WHILE new as a chief executive, Cape York Natural Resource Management boss Pip Schroor is hard pressed to list a community she hasn’t visited or an organisation she hasn’t worked with during her lifelong love affair with the area.
“I’m very new to being a CEO, and it feels really weird, but I have a level of comfort because I love the Cape,” Ms Schroor said of her new role.
“When the opportunity came up, it was the logical next step for me, and I honestly couldn’t think of working anywhere else.”
Ms Schroor is the first female CEO of the natural resource charity, and is no stranger to leading the way for women in a male-dominated field.
“I was the first female ranger in charge on the Cape when I worked at Kutini Payamu (Iron Range) National Park in 2009,” she said.
“For me, promoting women in conservation and mentoring and encouraging more women to work in the sector is something I’m passionate about.”
In addition to unbounded enthusiasm for her role and a passion for Cape York and its people, Ms Schroor’s professional background reads like a training guide for her new role.
“I was already working in the Cape region, then spent 15 years with Queensland Parks and Wildlife Service as a ranger,” she said.
After moving to Cairns in 2011 to have her daughter, Ms Schroor moved to QPWS’s joint management team, working with Aboriginal land trusts and corporations to help build their on-country NRM capacity.

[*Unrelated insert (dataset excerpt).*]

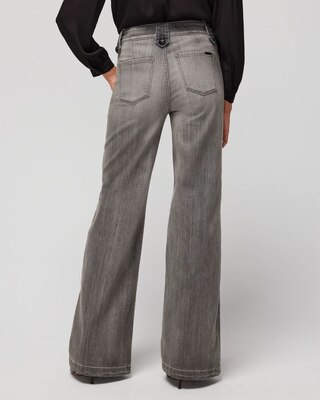 High-Rise Mariner Wide Leg Jeans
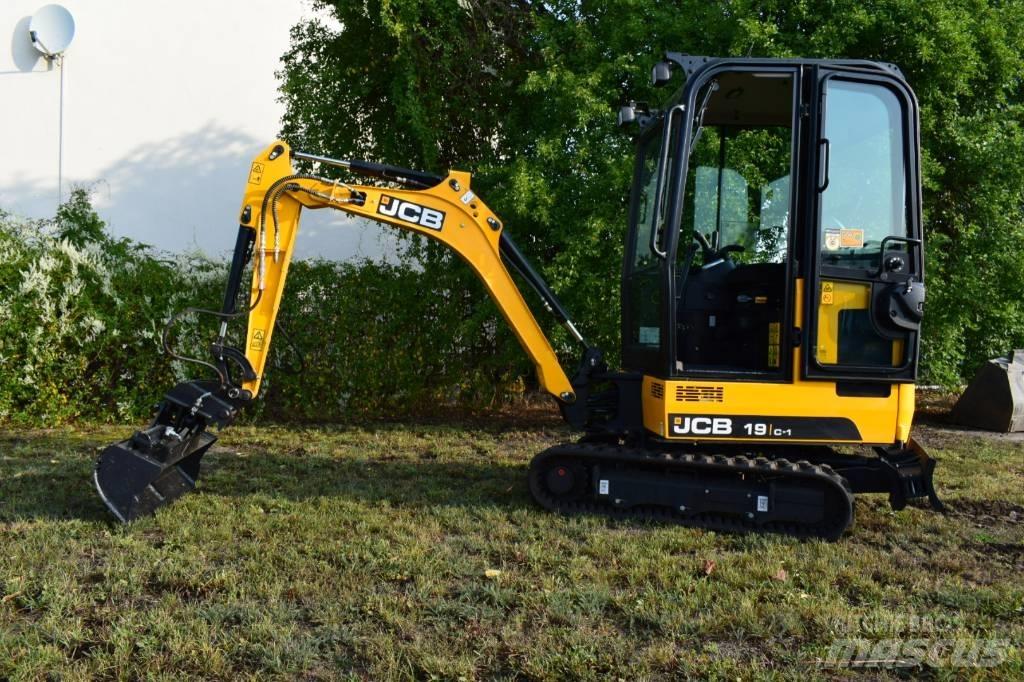 JCB 19 C-1 Miniescavadeiras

Ms Schroor has also worked with the Torres and Cape Indigenous Councils Alliance as regional resilience coordinator, helping local governments from the Torres Strait to the Gulf and across the Cape to build disaster and climate change resilience and improve water and food security.
“What my staff at CYNRM currently do and help facilitate our partners to do is what I used to do. I used to do the weed spraying, light the fires, do the mapping and meet with stakeholders all across the Cape,” Ms Schroor said.
“What’s really important for me in this role is to connect my staff with the amazing people I’ve worked with in the Cape and get my staff to fall in love with and appreciate the Cape as much as I do.”
The CEO acknowledged that CYNRM had internal changes to make and lots of listening to do, as well as work building and strengthening stakeholder relationships.
“We haven’t worked as well as we could have but it’s a new day and now it’s about turning that around for the people of the Cape, the communities and the environment,” she said.
“The priorities for me are looking at CYNRM as an organisation, re-looking at how we operate and our strategic plan to ensure we fit with the changing landscape of NRM on the Cape.
“That all goes hand in hand with listening and learning about what the Cape communities, people and organisations want and seizing new opportunities such as innovation in renewable energy and sustainability funding.”
Ms Schroor encouraged as many people as possible to attend the AGM on October 21.
“We’re going to have an open floor Q&A session about CYNRM and its future, we want to hear what the community and organisations want, warts and all, what they want to see, what works and what doesn’t,” she said.
“It’s a new day for CYNRM, I want to hear and learn the stories and then advocate at that state and federal government level to improve the livelihoods and culture and help raise the profile of Cape York.”